■ Task requirements ■
What appears in the data must be reproduced exactly.

■ Provided information ■
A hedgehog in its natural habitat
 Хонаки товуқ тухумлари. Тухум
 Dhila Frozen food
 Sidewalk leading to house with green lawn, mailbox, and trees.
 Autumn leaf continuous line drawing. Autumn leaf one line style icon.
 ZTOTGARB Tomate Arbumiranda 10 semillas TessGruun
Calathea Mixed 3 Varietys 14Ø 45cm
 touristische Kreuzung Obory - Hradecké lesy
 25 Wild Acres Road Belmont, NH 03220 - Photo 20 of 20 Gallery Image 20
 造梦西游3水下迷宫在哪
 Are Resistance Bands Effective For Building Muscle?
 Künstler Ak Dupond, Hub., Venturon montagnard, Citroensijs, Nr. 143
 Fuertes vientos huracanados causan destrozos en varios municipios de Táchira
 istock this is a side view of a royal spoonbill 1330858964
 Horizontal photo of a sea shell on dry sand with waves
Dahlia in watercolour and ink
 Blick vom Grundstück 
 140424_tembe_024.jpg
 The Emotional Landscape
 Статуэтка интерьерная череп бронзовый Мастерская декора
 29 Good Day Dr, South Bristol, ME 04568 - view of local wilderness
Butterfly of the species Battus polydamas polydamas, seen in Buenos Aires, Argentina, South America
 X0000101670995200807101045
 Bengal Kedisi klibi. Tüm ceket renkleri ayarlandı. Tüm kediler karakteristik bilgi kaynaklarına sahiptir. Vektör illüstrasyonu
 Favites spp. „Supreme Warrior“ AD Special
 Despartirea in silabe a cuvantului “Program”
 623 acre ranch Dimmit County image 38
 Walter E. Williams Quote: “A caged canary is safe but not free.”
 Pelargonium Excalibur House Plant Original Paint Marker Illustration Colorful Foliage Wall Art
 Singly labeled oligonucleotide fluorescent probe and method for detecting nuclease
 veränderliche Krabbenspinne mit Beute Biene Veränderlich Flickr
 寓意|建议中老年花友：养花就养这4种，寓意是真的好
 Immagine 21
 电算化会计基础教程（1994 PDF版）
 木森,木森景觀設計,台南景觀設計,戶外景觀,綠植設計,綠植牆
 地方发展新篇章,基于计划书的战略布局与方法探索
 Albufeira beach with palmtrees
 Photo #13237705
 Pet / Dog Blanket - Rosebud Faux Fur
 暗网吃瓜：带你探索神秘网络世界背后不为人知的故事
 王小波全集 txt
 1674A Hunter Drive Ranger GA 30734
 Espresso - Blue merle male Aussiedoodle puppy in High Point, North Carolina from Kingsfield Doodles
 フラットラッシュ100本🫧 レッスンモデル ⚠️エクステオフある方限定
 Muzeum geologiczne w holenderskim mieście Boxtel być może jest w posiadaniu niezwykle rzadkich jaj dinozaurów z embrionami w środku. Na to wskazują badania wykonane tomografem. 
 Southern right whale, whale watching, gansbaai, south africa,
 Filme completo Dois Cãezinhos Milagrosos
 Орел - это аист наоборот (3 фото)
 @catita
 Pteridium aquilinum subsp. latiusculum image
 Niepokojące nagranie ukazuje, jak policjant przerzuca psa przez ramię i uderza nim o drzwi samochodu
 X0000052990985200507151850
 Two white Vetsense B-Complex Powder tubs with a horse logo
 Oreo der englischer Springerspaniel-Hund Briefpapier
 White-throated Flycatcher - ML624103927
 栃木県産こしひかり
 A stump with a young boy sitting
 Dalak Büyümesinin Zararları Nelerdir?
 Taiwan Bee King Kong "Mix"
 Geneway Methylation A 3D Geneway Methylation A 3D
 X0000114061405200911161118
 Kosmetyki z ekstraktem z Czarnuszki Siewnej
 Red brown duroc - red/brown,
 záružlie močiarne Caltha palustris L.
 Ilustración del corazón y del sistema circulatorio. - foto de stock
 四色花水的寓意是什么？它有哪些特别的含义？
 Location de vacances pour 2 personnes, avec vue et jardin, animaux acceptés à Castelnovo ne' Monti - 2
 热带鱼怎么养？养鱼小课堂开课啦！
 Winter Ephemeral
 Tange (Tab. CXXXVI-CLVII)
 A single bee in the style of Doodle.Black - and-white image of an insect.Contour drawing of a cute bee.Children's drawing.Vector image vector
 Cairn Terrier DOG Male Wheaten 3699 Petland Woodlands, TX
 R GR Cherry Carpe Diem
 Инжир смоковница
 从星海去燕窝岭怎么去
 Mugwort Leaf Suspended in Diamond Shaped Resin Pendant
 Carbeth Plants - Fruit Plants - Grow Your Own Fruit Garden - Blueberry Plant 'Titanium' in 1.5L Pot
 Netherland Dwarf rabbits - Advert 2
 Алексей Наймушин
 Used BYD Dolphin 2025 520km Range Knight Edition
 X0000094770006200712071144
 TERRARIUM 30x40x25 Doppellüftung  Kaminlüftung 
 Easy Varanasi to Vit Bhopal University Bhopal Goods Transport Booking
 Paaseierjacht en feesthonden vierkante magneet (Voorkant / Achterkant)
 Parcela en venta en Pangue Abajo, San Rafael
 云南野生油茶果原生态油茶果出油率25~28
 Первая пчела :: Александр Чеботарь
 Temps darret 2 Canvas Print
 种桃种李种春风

■ Exercise solution ■
A hedgehog in its natural habitat
 Хонаки товуқ тухумлари. Тухум
 Dhila Frozen food
 Sidewalk leading to house with green lawn, mailbox, and trees.
 Autumn leaf continuous line drawing. Autumn leaf one line style icon.
 ZTOTGARB Tomate Arbumiranda 10 semillas TessGruun
Calathea Mixed 3 Varietys 14Ø 45cm
 touristische Kreuzung Obory - Hradecké lesy
 25 Wild Acres Road Belmont, NH 03220 - Photo 20 of 20 Gallery Image 20
 造梦西游3水下迷宫在哪
 Are Resistance Bands Effective For Building Muscle?
 Künstler Ak Dupond, Hub., Venturon montagnard, Citroensijs, Nr. 143
 Fuertes vientos huracanados causan destrozos en varios municipios de Táchira
 istock this is a side view of a royal spoonbill 1330858964
 Horizontal photo of a sea shell on dry sand with waves
Dahlia in watercolour and ink
 Blick vom Grundstück 
 140424_tembe_024.jpg
 The Emotional Landscape
 Статуэтка интерьерная череп бронзовый Мастерская декора
 29 Good Day Dr, South Bristol, ME 04568 - view of local wilderness
Butterfly of the species Battus polydamas polydamas, seen in Buenos Aires, Argentina, South America
 X0000101670995200807101045
 Bengal Kedisi klibi. Tüm ceket renkleri ayarlandı. Tüm kediler karakteristik bilgi kaynaklarına sahiptir. Vektör illüstrasyonu
 Favites spp. „Supreme Warrior“ AD Special
 Despartirea in silabe a cuvantului “Program”
 623 acre ranch Dimmit County image 38
 Walter E. Williams Quote: “A caged canary is safe but not free.”
 Pelargonium Excalibur House Plant Original Paint Marker Illustration Colorful Foliage Wall Art
 Singly labeled oligonucleotide fluorescent probe and method for detecting nuclease
 veränderliche Krabbenspinne mit Beute Biene Veränderlich Flickr
 寓意|建议中老年花友：养花就养这4种，寓意是真的好
 Immagine 21
 电算化会计基础教程（1994 PDF版）
 木森,木森景觀設計,台南景觀設計,戶外景觀,綠植設計,綠植牆
 地方发展新篇章,基于计划书的战略布局与方法探索
 Albufeira beach with palmtrees
 Photo #13237705
 Pet / Dog Blanket - Rosebud Faux Fur
 暗网吃瓜：带你探索神秘网络世界背后不为人知的故事
 王小波全集 txt
 1674A Hunter Drive Ranger GA 30734
 Espresso - Blue merle male Aussiedoodle puppy in High Point, North Carolina from Kingsfield Doodles
 フラットラッシュ100本🫧 レッスンモデル ⚠️エクステオフある方限定
 Muzeum geologiczne w holenderskim mieście Boxtel być może jest w posiadaniu niezwykle rzadkich jaj dinozaurów z embrionami w środku. Na to wskazują badania wykonane tomografem. 
 Southern right whale, whale watching, gansbaai, south africa,
 Filme completo Dois Cãezinhos Milagrosos
 Орел - это аист наоборот (3 фото)
 @catita
 Pteridium aquilinum subsp. latiusculum image
 Niepokojące nagranie ukazuje, jak policjant przerzuca psa przez ramię i uderza nim o drzwi samochodu
 X0000052990985200507151850
 Two white Vetsense B-Complex Powder tubs with a horse logo
 Oreo der englischer Springerspaniel-Hund Briefpapier
 White-throated Flycatcher - ML624103927
 栃木県産こしひかり
 A stump with a young boy sitting
 Dalak Büyümesinin Zararları Nelerdir?
 Taiwan Bee King Kong "Mix"
 Geneway Methylation A 3D Geneway Methylation A 3D
 X0000114061405200911161118
 Kosmetyki z ekstraktem z Czarnuszki Siewnej
 Red brown duroc - red/brown,
 záružlie močiarne Caltha palustris L.
 Ilustración del corazón y del sistema circulatorio. - foto de stock
 四色花水的寓意是什么？它有哪些特别的含义？
 Location de vacances pour 2 personnes, avec vue et jardin, animaux acceptés à Castelnovo ne' Monti - 2
 热带鱼怎么养？养鱼小课堂开课啦！
 Winter Ephemeral
 Tange (Tab. CXXXVI-CLVII)
 A single bee in the style of Doodle.Black - and-white image of an insect.Contour drawing of a cute bee.Children's drawing.Vector image vector
 Cairn Terrier DOG Male Wheaten 3699 Petland Woodlands, TX
 R GR Cherry Carpe Diem
 Инжир смоковница
 从星海去燕窝岭怎么去
 Mugwort Leaf Suspended in Diamond Shaped Resin Pendant
 Carbeth Plants - Fruit Plants - Grow Your Own Fruit Garden - Blueberry Plant 'Titanium' in 1.5L Pot
 Netherland Dwarf rabbits - Advert 2
 Алексей Наймушин
 Used BYD Dolphin 2025 520km Range Knight Edition
 X0000094770006200712071144
 TERRARIUM 30x40x25 Doppellüftung  Kaminlüftung 
 Easy Varanasi to Vit Bhopal University Bhopal Goods Transport Booking
 Paaseierjacht en feesthonden vierkante magneet (Voorkant / Achterkant)
 Parcela en venta en Pangue Abajo, San Rafael
 云南野生油茶果原生态油茶果出油率25~28
 Первая пчела :: Александр Чеботарь
 Temps darret 2 Canvas Print
 种桃种李种春风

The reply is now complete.